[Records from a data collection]
-=-=-=-=-
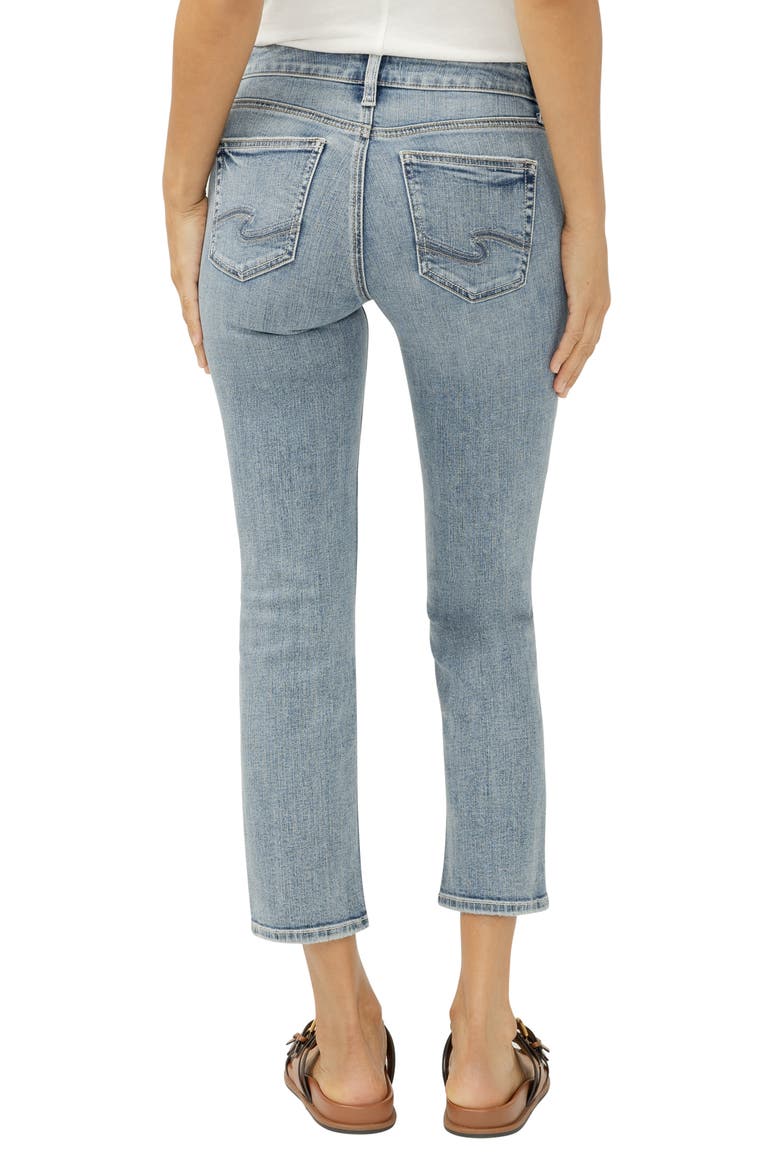 Suki Crop Straight Leg Jeans, Alternate, color, MOTHERS BEACH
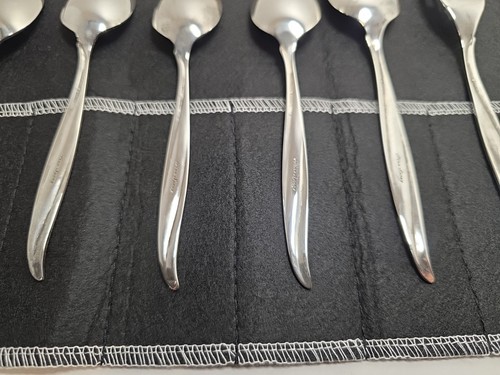 International Sterling Silver Pine Spray Flatware Lot 342g w/ Tarnish Roll - Picture 13 of 16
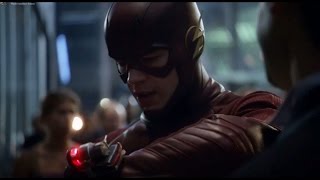 TheFlash 1x17 Trickstess BOMB On Barrys HandBarry Reveals His Identity [upl. by Olrac905]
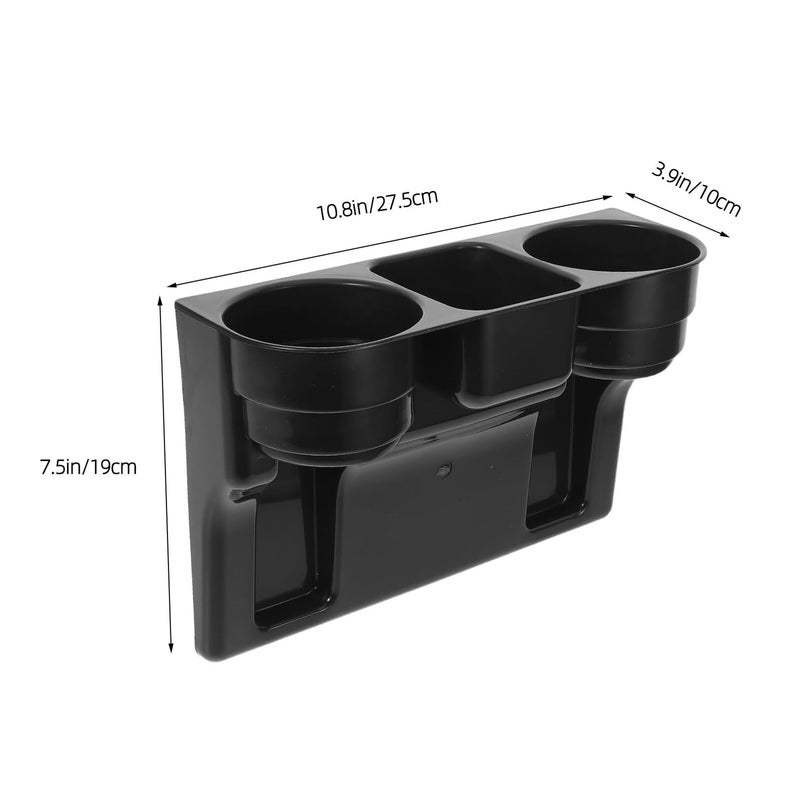 2pcs Car Water Cup Holder Seat Gap Organizer Plastic Insert For Front Storage - Image 3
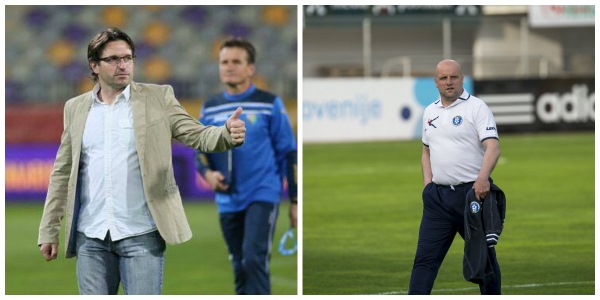 Jernej Javornik (na fotografiji levo) je včeraj odstopil z mesta trenerja Rudarja, medtem ko se glavni trener Celja Robert Pevnik (na fotografiji desno), v celjskem klubu za zdaj dobro počuti.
-=-=-=-=-
• _WORK INSTRUCTION_
Your answer must be an exact copy of the lines from the start of the entries through the line with "2pcs Car Water", with no pictures.

• _EXERCISE SOLUTION_
 Suki Crop Straight Leg Jeans, Alternate, color, MOTHERS BEACH
 International Sterling Silver Pine Spray Flatware Lot 342g w/ Tarnish Roll - Picture 13 of 16
 TheFlash 1x17 Trickstess BOMB On Barrys HandBarry Reveals His Identity [upl. by Olrac905]
 2pcs Car Water Cup Holder Seat Gap Organizer Plastic Insert For Front Storage - Image 3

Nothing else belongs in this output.